We super heroes know the difference between regular junk mail and these extremely classified and very regularly life changing directives. And we also have the necessary equipment to prise apart each of the sixteen pages without tearing or removing any of the print on them. The ‘false’ claim that I can buy two double glazed windows for the price of four, I’ll find cheaper car insurance elsewhere or if I send £2,000.00 I’ll receive the next part of the letter, dissolve away in this process, which also ‘re-hydrates’ the sixteen pages to their normal paper size and staples them together. The letter is also delivered without a stamp. Technology nowadays is a wonder!

I received the latest sixteen page document today from The Human League. That is The Human League International organisation, who have offices in all countries, with the head office being somewhere in South America, I think. Or France. I always get the two mixed up. Not the places, I hasten to add – I’m quite good at geography – no, I get The Human League mixed up with The League of Humanity, who are based in Portugal, or Cyprus or somewhere like that. No, they’re based in France… Oh, I give up! However, I do get this Human League mixed up with that old pop group of the same name on occasions, although I haven’t been in the situation that Stretchbob1247 found himself in, when he went to a Human League concert and ended up being sent on a top secret mission to Mars.

Today’s request is for information. Information about people. Everyday people. Not that I think for one moment that there are other types of people, like those who only appear on a Tuesday. Although, I think I worked with one of this type of person once, so I may be wrong. I digress. This request is looking to establish patterns of stereotypical behaviour in people around the world. I have been given an area in which to observe and gather information. I can’t say where, due to confidentiality, but I have to watch both male and female people, and then categorise them into the closest stereotype bracket on the form. I’m not allowed to let anyone know that I am observing them, so if you feel you are being watched and look around to see someone shiftily look away quickly, it may be me… I’m on a mission, so please don’t blow my cover, but I doubt you’ll notice me watching – I’m an expert people watcher. It’s one of my favourite pastimes in the summer.

The form isn’t interested in the ‘normal’ stereotypes that the word ‘stereotype’ brings to mind, these have already been recorded in the survey last month, which was phase one of the project, and everyone on the planet was documented, listed and grouped back then. (We know where all the vampires are!). This form is looking specifically for ten groups, or sub-stereotypes, for reasons that are known only to a select few, and I’m not one of them. I just do what I’m told. The sub-stereotypes are:

1. The Lost Wanderers
The form describes these as people who wander slowly and aimlessly in the middle of the road, without regard for their own safety or the fact that vehicles are waiting to drive passed them. Usually young males, show offs, or groups of young mums with prams fall into this category, but there may be others.

2. Librarians
I think this is a spelling error on the form, as it wants to document people who are balanced, loving, loyal, romantic, idealistic, charming, stubborn and indecisive, which sounds like a textbook description of a Libran. I don’t think I’ve met a librarian with all of these qualities.

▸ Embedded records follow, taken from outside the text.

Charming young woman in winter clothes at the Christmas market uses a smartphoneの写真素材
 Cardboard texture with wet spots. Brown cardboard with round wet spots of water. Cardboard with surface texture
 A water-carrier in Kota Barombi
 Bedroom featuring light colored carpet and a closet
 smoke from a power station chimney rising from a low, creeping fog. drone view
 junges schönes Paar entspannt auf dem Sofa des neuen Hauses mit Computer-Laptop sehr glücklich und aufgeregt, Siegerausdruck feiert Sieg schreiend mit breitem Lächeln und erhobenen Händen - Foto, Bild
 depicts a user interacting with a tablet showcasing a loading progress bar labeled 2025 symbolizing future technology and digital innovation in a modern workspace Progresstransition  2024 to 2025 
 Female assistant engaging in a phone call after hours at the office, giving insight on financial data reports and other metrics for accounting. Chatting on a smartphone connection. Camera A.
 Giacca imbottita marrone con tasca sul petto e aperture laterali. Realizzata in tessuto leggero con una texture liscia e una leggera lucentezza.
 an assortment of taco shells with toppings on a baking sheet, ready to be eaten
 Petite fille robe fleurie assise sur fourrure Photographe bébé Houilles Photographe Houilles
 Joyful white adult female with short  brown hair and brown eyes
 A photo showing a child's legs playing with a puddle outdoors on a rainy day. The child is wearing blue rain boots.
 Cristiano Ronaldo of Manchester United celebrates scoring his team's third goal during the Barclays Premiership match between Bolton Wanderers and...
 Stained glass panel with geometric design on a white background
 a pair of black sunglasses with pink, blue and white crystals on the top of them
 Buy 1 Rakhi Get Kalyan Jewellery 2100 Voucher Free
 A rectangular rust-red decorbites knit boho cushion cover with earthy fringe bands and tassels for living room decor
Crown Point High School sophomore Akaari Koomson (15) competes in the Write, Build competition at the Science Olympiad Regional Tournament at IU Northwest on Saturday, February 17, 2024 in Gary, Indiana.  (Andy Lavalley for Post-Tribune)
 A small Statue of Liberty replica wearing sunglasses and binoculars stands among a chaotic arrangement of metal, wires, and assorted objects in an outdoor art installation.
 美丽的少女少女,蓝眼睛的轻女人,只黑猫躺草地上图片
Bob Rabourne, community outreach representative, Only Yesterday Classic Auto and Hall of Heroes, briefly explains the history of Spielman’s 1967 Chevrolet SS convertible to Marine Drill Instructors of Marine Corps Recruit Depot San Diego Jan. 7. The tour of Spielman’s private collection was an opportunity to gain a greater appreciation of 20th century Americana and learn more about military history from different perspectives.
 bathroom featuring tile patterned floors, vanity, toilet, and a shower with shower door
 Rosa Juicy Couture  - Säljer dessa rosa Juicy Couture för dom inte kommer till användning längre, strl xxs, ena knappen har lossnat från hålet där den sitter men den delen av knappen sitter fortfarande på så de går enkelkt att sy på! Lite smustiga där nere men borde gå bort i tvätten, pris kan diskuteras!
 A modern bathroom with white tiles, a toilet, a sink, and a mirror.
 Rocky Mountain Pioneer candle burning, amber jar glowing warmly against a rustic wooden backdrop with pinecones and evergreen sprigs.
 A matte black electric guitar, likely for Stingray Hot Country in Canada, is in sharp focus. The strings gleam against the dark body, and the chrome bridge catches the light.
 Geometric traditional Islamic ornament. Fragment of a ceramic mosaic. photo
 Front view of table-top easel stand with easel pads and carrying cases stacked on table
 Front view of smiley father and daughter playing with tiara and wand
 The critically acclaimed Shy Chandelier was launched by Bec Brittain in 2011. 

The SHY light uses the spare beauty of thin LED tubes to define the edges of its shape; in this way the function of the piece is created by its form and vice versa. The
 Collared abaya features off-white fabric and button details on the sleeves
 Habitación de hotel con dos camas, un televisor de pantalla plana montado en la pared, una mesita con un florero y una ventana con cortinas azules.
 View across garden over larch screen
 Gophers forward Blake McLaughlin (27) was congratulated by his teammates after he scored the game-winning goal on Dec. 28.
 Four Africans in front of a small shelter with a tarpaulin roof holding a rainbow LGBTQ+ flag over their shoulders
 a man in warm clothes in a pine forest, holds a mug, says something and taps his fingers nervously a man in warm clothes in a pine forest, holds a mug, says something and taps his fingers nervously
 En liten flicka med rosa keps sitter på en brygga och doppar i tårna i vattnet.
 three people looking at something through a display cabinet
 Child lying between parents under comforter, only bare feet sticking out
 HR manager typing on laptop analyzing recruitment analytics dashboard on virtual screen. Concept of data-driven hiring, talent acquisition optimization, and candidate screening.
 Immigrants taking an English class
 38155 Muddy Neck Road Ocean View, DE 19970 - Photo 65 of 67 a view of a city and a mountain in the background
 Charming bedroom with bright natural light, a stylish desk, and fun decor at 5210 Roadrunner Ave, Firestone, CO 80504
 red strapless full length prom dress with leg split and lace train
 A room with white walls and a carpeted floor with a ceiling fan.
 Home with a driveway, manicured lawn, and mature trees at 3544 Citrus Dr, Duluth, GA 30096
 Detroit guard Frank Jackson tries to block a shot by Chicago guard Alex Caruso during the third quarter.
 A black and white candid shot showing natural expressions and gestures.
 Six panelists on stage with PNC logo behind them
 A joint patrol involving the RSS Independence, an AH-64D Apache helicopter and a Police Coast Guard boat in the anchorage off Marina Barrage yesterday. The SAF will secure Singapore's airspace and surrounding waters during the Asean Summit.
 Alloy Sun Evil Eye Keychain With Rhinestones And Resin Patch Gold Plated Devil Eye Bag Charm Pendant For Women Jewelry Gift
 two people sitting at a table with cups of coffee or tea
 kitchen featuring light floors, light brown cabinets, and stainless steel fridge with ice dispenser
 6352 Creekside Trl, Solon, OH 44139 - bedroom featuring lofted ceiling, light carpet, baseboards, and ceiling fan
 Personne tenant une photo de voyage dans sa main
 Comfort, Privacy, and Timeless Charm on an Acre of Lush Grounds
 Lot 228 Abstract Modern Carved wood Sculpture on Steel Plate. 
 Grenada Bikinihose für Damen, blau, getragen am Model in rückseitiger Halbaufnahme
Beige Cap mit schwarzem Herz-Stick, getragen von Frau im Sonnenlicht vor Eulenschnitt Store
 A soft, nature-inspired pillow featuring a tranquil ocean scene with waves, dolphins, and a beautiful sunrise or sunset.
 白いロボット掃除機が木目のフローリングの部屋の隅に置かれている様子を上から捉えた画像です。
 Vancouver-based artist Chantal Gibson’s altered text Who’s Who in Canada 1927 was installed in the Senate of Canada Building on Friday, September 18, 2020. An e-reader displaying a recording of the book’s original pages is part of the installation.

3. Television Voice-Over People
This one is a tricky one to spot when people watching, but there are tell tale signs that indicate that someone either works in voice-overs, or wants to. Market traders and town criers may also fall into this category.

4. Road Rangers
Another spelling error, I think. I’ll have to clarify this with the Human League, but they may be referring to the Freds of this world. Unless they are referring to people who patrol the streets. These stereotypes are not that cut and dried.

5. Left-handed Strawberry Pickers
I have no idea why they want to know this information, or how I’m supposed to observe such people, living in a town and all, but I can only do what I can. I think there is a left-handed strawberry picker convention on in Birmingham later this month, so they may all be out of town anyway.

6. Tree Gorillas
I’m presuming they are referring to tree guerrillas, but may be wrong. Luckily for me, I never got around to planting any trees otherwise I’d have to be watching myself now.

7. Lurkers
The form says this is a type of person who visits websites and forums but doesn’t comment or participate, and not those who wander the streets (who may be included in category A). Not an easy stereotype to spot.

8. Vampires and Speed Readers
Ulp. I’m NOT a vampire. Nor can I speed read. Although I have no idea what the connection is between these two… and we did vampires last month…

9. Think Dancers
This group are people who, in their minds, are dancing exceptionally better to the same piece of music as everyone else. In reality, they are shuffling their feet and pointing.

10. Survey Creators
Those outside of the Human League who create surveys to find people’s views on pot holes, black holes, watering holes, and other mysterious holes that appear from time to time. Other surveys are not included this time.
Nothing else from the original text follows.